En attendant, malgré ces limites, nous observons que des facteurs reliés à l'environnement du travail et d'autres directement liés au travail lui-même (classification, avancement, mutation, conditions de travail, salaire, supervision technique, effectif, manuels, relations interpersonnelles avec les parents d'élèves, supervision pédagogique) provoquent de l'insatisfaction. C'est dire que, malgré une prudence compréhensible, il convient de considérer désormais l'insatisfaction des enseignants comme un problème prioritaire à résoudre, car le comportement de ces derniers, leur expérience et leur dévouement sont des caractéristiques essentielles de la réussite de l'enseignement (Organisation internationale du travail/UNESCO, 1989; Abrah, Beyene, Dubale, Fuller et Holloway, 1989; Hyde, 1993; Lange, 1993; Long et Fofanah, 1990; Palme 1993; Wamahiu, 1994; Waweru, 1994).

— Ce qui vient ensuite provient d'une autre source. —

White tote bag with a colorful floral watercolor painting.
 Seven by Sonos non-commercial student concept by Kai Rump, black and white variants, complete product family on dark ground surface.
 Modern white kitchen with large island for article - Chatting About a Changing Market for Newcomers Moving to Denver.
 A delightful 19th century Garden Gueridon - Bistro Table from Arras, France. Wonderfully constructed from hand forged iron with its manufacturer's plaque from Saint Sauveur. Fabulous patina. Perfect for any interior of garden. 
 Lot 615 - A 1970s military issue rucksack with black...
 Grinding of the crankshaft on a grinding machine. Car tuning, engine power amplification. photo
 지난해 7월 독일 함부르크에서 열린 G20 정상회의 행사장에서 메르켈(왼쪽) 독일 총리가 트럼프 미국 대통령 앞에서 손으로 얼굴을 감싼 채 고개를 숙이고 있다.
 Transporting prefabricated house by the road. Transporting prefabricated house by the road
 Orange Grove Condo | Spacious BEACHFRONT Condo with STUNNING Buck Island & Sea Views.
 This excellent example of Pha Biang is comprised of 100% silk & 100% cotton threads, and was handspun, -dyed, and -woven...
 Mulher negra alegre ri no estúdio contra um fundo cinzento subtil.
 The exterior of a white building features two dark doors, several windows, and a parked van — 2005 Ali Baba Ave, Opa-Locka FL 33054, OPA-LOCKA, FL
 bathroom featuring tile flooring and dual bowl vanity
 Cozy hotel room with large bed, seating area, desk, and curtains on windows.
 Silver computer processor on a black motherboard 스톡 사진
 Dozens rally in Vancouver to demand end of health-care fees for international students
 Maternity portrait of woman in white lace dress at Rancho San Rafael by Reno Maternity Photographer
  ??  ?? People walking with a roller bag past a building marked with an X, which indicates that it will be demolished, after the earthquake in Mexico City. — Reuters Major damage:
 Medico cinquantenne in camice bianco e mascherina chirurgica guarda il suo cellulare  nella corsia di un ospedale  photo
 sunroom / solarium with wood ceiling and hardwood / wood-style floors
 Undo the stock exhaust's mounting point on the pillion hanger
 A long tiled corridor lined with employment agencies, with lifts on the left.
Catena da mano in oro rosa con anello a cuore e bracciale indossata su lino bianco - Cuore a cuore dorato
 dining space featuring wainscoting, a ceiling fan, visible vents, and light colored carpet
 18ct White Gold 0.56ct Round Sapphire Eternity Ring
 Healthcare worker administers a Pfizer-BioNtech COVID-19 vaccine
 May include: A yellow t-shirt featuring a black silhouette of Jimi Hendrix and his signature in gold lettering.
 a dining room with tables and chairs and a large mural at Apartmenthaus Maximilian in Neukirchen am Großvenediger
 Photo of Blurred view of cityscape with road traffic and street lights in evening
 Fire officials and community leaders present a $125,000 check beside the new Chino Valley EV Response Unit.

Pour motiver les enseignants sénégalais, les pouvoirs publics doivent les faire participer à l'amélioration de l'enseignement. Relever leur niveau d'aptitude suppose une forte contribution de l'État pour l'épanouissement de ceux sans lesquels aucun développement durable n'est possible (Bureau international du travail/ UNESCO, 1984; OCDE, 1990; Bureau international du travail,1996). C'est donc un changement complet d'orientation qu'il faut imposer; il faut une politique qui développe intensivement l'éducation et la formation et, corrélativement, qui prenne prioritairement en compte les intérêts et les besoins des enseignants des lycées et collèges du Sénégal.